Both prize winners are employed at the Division of Analysis and Probability Theory at the Department of Mathematical Sciences, Chalmers University of Technology and University of Gothenburg. They also have in common that they have received starting grants from the Swedish Research Council, Eusebio Gardella in 2022 after having begun the year before and Simon Larson when he came to the department in 2024, and that they have received grants from the Knut and Alice Wallenbergs Foundation’s Mathematics Program, 2024 and 2025 respectively.

Image
Eusebio Gardella

Eusebio is awarded “for his significant and influential contributions to the theory of operator algebras”. He received his PhD from the University of Oregon in 2015 and was then a postdoctoral fellow at the University of Münster. Eusebio works primarily on C*-dynamical systems, with a particular interest in the structure and classification of amenable group actions on simple, nuclear C*-algebras, and is also interested in ergodic theory and abstract harmonic analysis, as well as the interactions of model theory and descriptive set theory. One of Eusebio’s PhD students, Jan Gundelach, will defend his thesis next week, Rigidity and embedding phenomena in operator algebras. Read more about Eusebio’s research: Distinguishing simple from complex dynamics.

Image
Simon Larson

Simon is awarded “for his many important contributions to spectral analysis, especially his deep results concerning eigenvalue asymptotics of the Laplace operator on convex domains”. He received his PhD from KTH Royal Institute of Technology in 2019 and was a postdoctoral fellow at Caltech and the University of Gothenburg. Simon’s research is in analysis, mainly focused towards spectral theory of differential operators, and he is particularly interested in sharp inequalities, shape optimization problems, semiclassical spectral asymptotics, and the analysis of one-dimensional Schrödinger operators. Simon recently gave his docent lecture: Listening to geometry and counting eigenvalues. Read more about Simon’s research: Quantitative methods in semiclassical spectral theory.

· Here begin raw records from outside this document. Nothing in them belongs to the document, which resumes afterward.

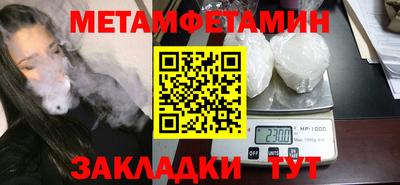 мяу мяу кристалл Наро-Фоминск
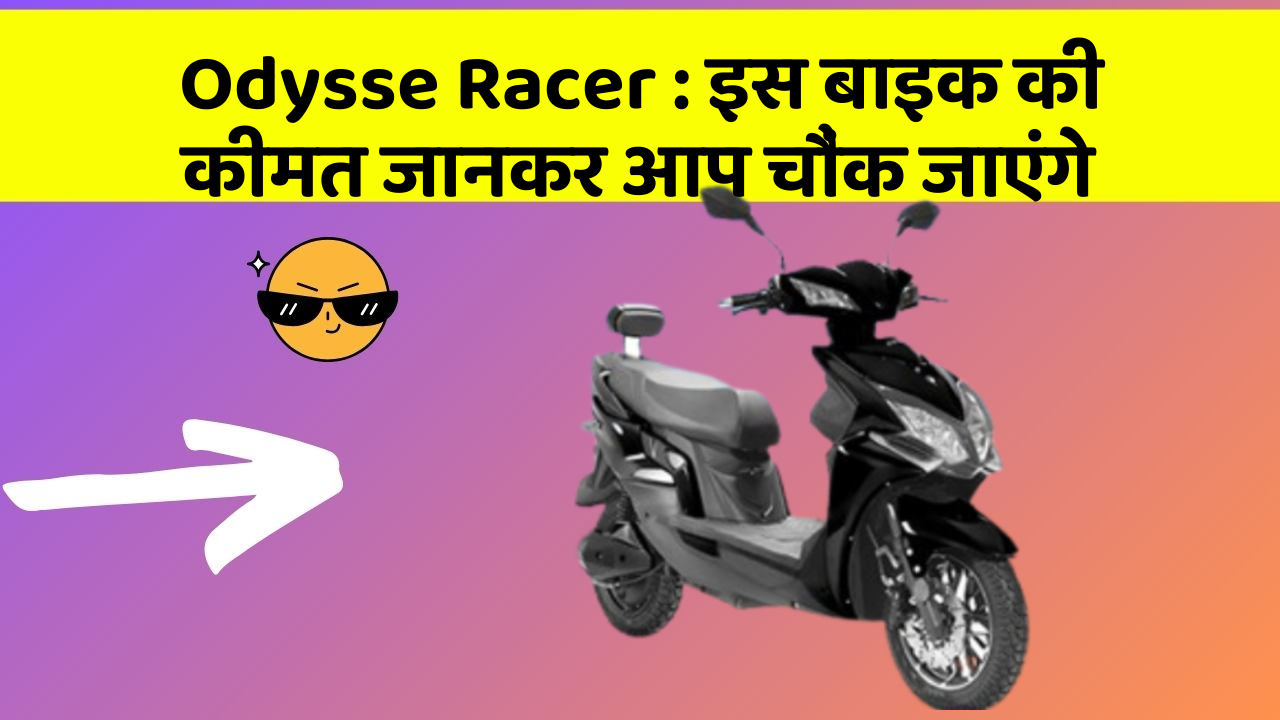 Odysse Racer: इस बाइक की कीमत जानकर आप चौंक जाएंगे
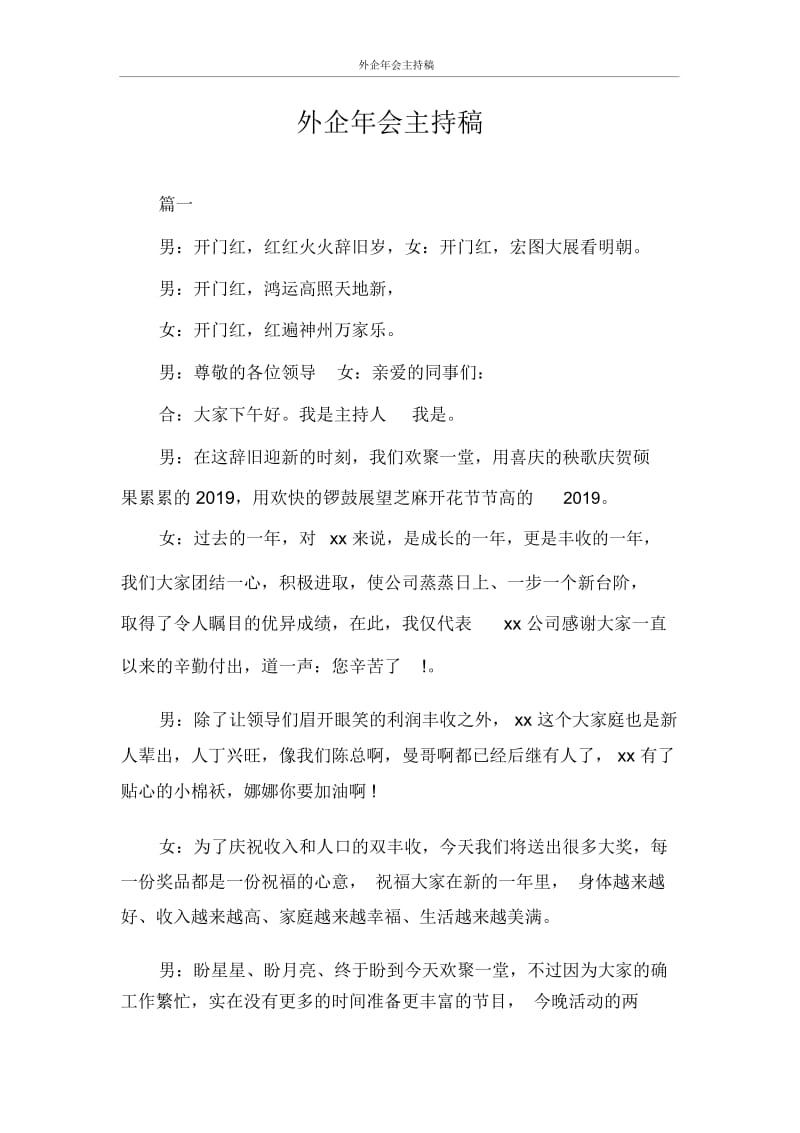 主持词外企年会主持稿.docx_第1页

The award was announced at the annual meeting of the Swedish Mathematical Society held in Stockholm on 29 May and will be given at the autumn meeting on November 20, together with the prize money of 300,000 SEK, which will be divided equally between the two awardees.

The Wallenberg Prize in Mathematics

The Wallenberg Prize has been awarded since 1983 by the Swedish Mathematical Society to particularly promising young Swedish mathematicians that have a PhD. It is the most prestigious award that a young Swedish mathematician can receive in the country. The stated intention of the prize is to encourage mathematical research.